Is OpenAI the New WeWork?
Gary Marcus argues that OpenAI is in serious trouble and could be comparable to WeWork. The competition between Google and Anthropic has ceased, and there are growing doubts about its funding. A crucial moment was the withdrawn commitment of $100 billion from Nvidia and the recent, hesitant statements from SoftBank, another key investor. Since OpenAI is losing money every quarter and is not expected to be profitable in the foreseeable future, the drying up of venture capital could mean the end. Marcus speculates that the company might soon need a government bailout. → Gary Marcus from Marcus on AI
Synthszr Take: Marcus's analysis is provocative, but he puts his finger on a sore spot: OpenAI's business model is extremely capital-intensive and based on the bet of an imminent breakthrough to AGI. If this breakthrough fails to materialize and the competition catches up technologically, the justification for the astronomical valuation and enormous capital requirements collapses. The hesitant signals from key investors like Nvidia and SoftBank are highly explosive in this context. They could trigger a re-evaluation of the entire sector. OpenAI created the market, but that doesn't mean it will ultimately dominate it. The history of technology is full of pioneers who were overtaken by subsequent, more efficient players.
Safety Researchers Are Fleeing OpenAI & Co
In the past week, several high-ranking employees from OpenAI, Anthropic, and xAI have left their positions, raising concerns about the prioritization of AI safety.
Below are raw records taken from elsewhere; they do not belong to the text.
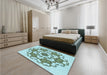 Patterned Sea Green Rug in a Bedroom, pat1365lblu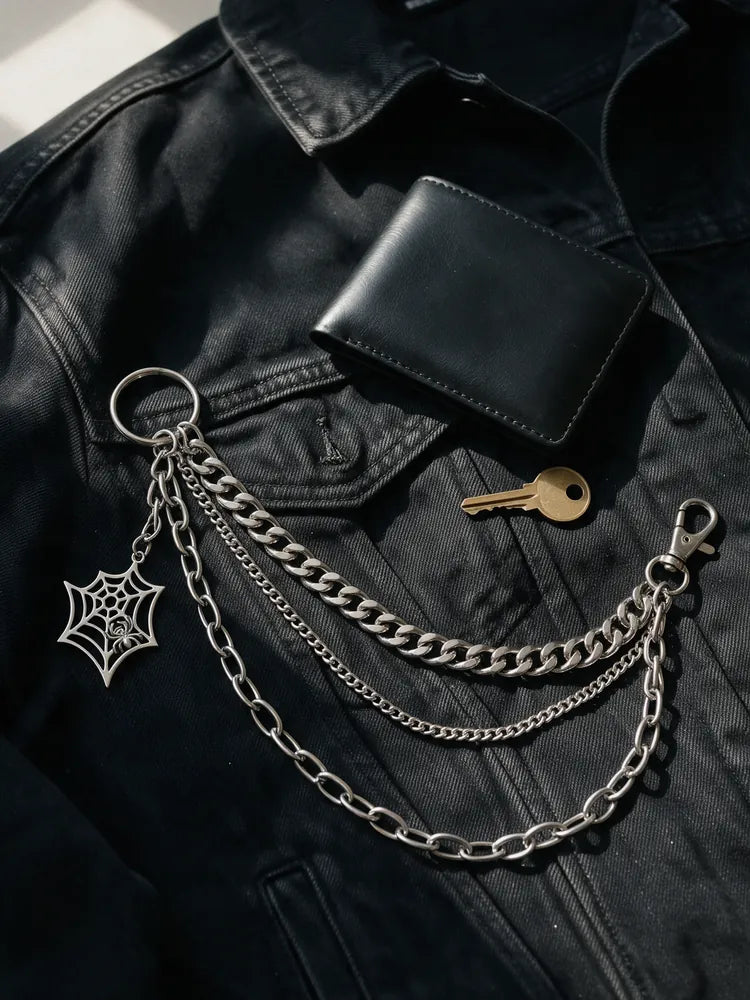 Spider Web Punk Pants Chain – Triple Layer Wallet Chain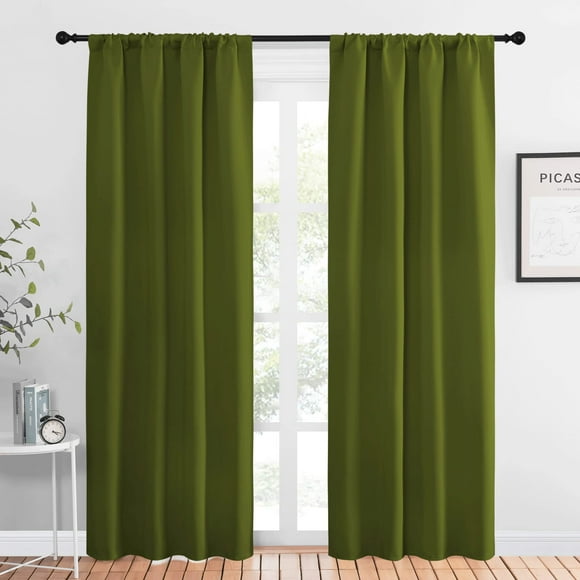 Cortina Blackout NICETOWN Decoración de Navidad 42x213 cm Oliva
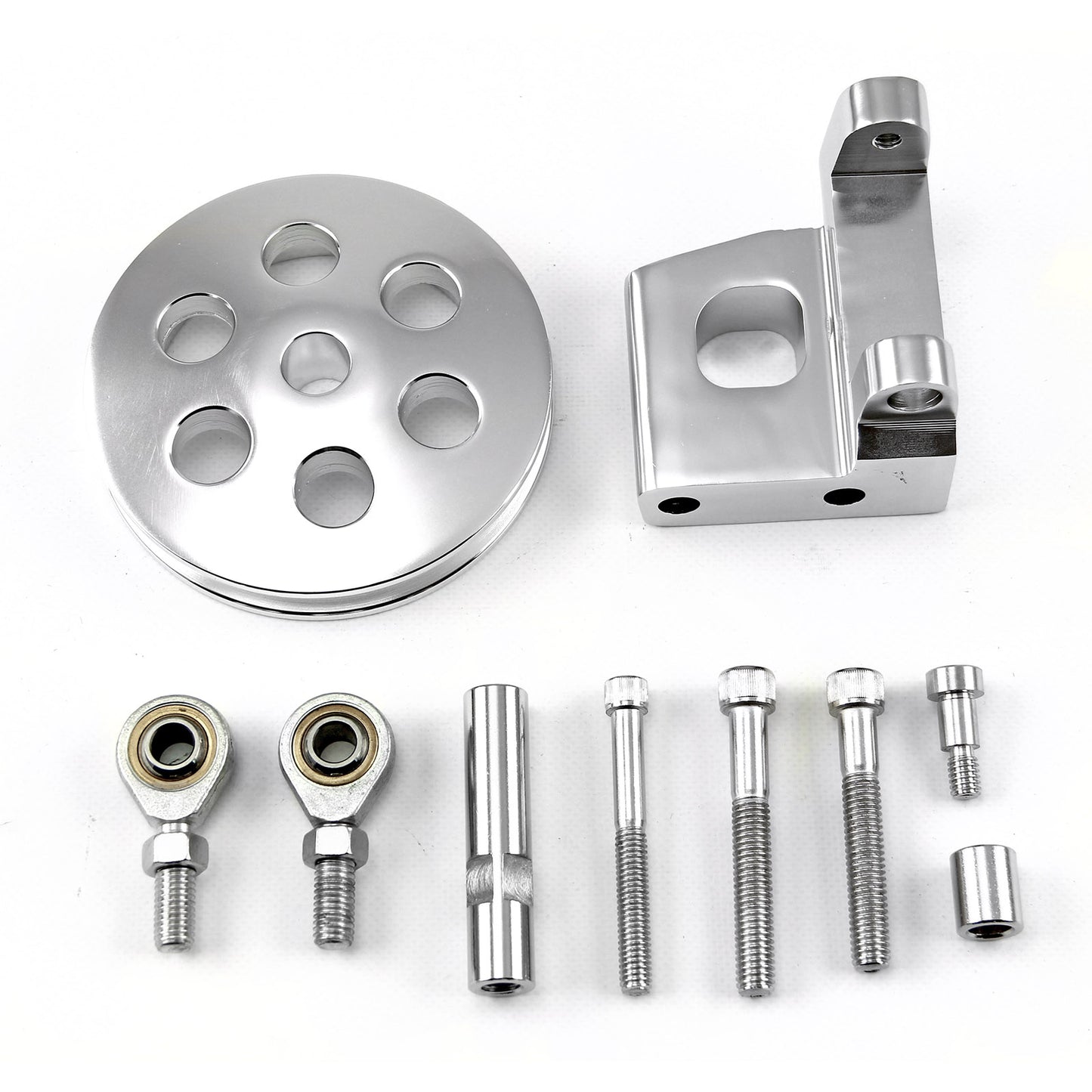 Chevy SBC 350 Type2 Billet Polished Aluminum Power Steering Bracket Kit w/Pulley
Mrinank Sharma, a Senior Safety Researcher at Anthropic, and Zoë Hitzig, a researcher at OpenAI, publicly cited ethical concerns for their resignations. Hitzig specifically criticized the introduction of advertising on ChatGPT. Simultaneously, OpenAI disbanded its “Mission Alignment” team. These departures come at a time when AI companies are releasing new, more powerful models at a rapid pace, with risks that are sometimes rated as high in their own safety reports. → Tech Brew
Synthszr Take: This is a classic “canary in a coal mine” scenario. When the people whose job it is to watch for risks resign in droves, it's an alarming signal. It points to a deep internal conflict between the commercial necessity to scale quickly and the ethical responsibility to ensure safety. The companies are in a prisoner's dilemma: whoever slows down for safety loses in the competition. The public resignation letters are an attempt to build external pressure where internal influence has obviously failed. It shows that the “move fast and break things” mantra is reaching its limits in a world with potentially existential risks.